Supplied data >>

====

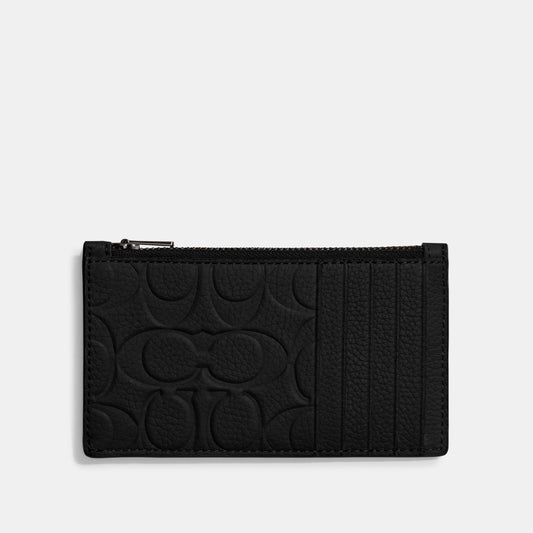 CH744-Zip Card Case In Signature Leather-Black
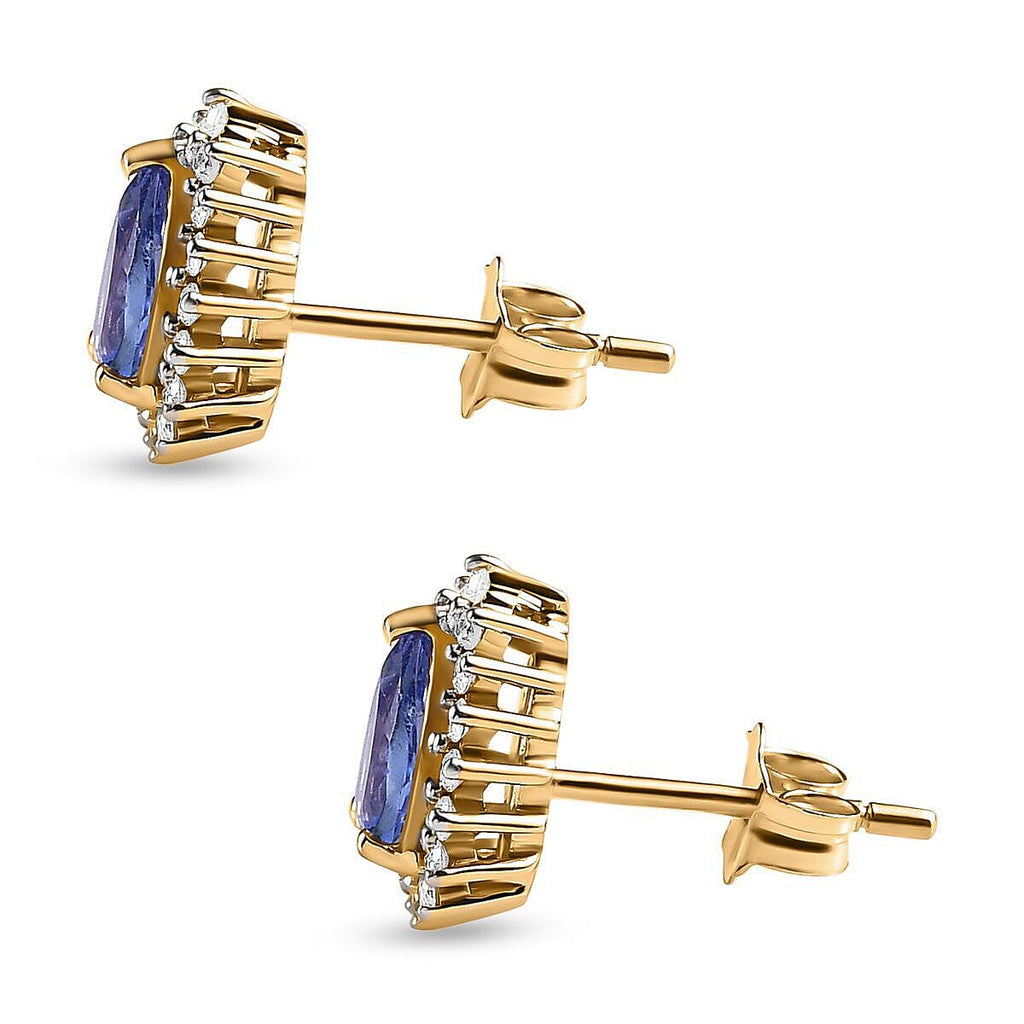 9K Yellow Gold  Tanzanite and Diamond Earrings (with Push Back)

====

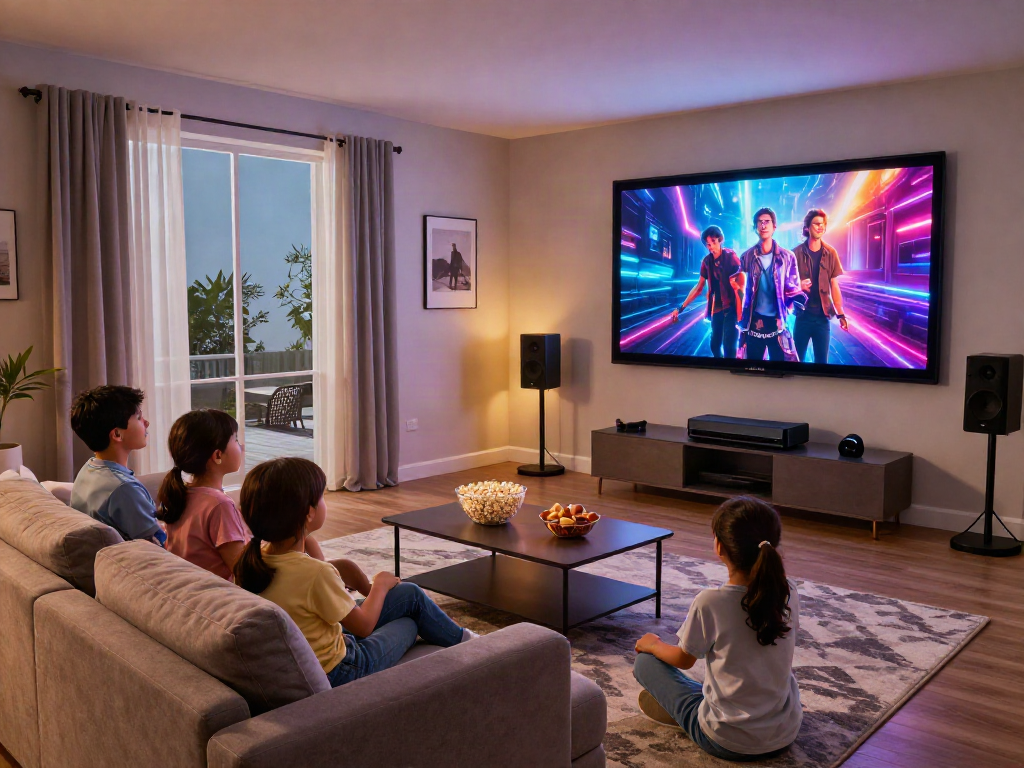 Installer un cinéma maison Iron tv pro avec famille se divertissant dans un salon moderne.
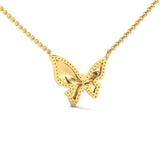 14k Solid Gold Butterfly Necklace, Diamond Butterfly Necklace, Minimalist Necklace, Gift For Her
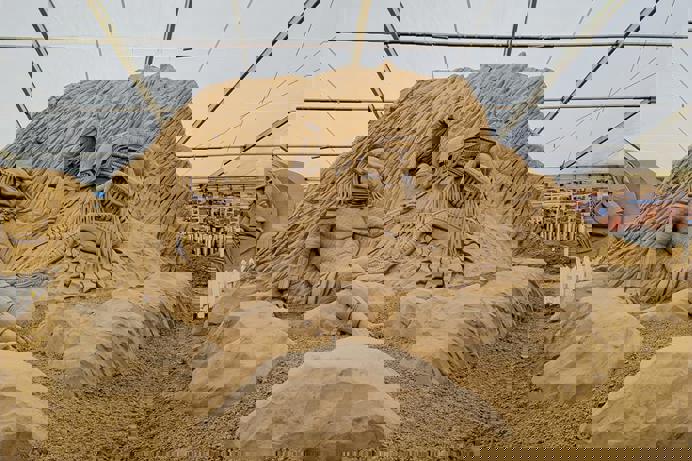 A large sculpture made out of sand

====

Task >> Look above for the line holding "14k Solid Gold" and output everything from it down to the line holding "A large sculpture made out of sand", both ends included, exactly and without images.

Solved problem >>
 14k Solid Gold Butterfly Necklace, Diamond Butterfly Necklace, Minimalist Necklace, Gift For Her
 A large sculpture made out of sand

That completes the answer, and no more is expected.